WHEREAS, CPG International will purchase membership interests (the Units) in Pro-Cell pursuant to the Unit Purchase Agreement, dated as of December 13, 2006, between CPG International, Christopher Bardasian, Kevin Sloan, and Larry Sloan (the Unit Purchase Agreement);
WHEREAS, Employer desires to continue to employ Executive and to utilize his management services as indicated herein, and Executive has agreed to provide such management services to Employer;
WHEREAS, as a condition precedent and a material inducement for Employer to purchase the Units and to continue to employ and pay Executive, Executive has agreed to execute this Agreement and be bound by the provisions herein;
WHEREAS, as a condition precedent and a material inducement for Employer to enter into the Unit Purchase Agreement and this Agreement, Executive has agreed to execute the Noncompetition Agreement among Employer, Executive and the other parties thereto, dated as of the date hereof (the Noncompetition Agreement), and be bound by the provisions therein; and
NOW, THEREFORE, in consideration of the mutual covenants contained herein, the parties hereto agree as follows:
Term and Duties. Employer hereby agrees to employ Executive as the Senior Vice President Pro-Cell General Manager commencing on the date of the Closing (as defined in the Unit Purchase Agreement) and continuing for a period of three (3) years (the Initial Term) or until terminated in accordance with this Section 1 or Section 5. Unless terminated by written notice delivered at least thirty (30) days prior to the expiration of the Initial Term, Executives employment shall continue for successive one (1) year terms (each one (1) year term hereinafter referred to as a Subsequent Term and together with the Initial Term, the Term) until terminated by written notice delivered at least thirty (30) days prior to the
expiration of the Subsequent Term.
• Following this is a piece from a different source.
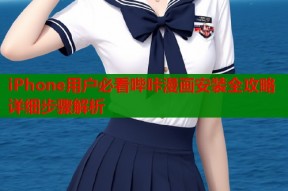 iPhone用户必看哔咔漫画安装全攻略详细步骤解析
Subject to the provisions of this Agreement, during the Term, Executive shall devote his best efforts and abilities to the performance of Executives duties on behalf of Employer and to the promotion of its interests consistent with and subject to the direction of John Loyack, the President of CPG International, or his successor during the first eighteen (18)
months of the Initial Term, and thereafter, of John Loyack or his successor or Ralph Bruno or any other Business Unit President or their successors. Executive shall devote substantially all of his business time, energies, attention and abilities to the operation of the business of Employer and shall not be actively involved in any other trade or business or as an employee of any other trade or business. Nothing contained herein shall be deemed to prevent or limit Executives rights to (i) engage in religious, charitable or other non-profit activities, and (ii) make any other passive investments which do not otherwise interfere, in any material respect, with Executives duties hereunder or violate the terms of Executives Noncompetition Agreement.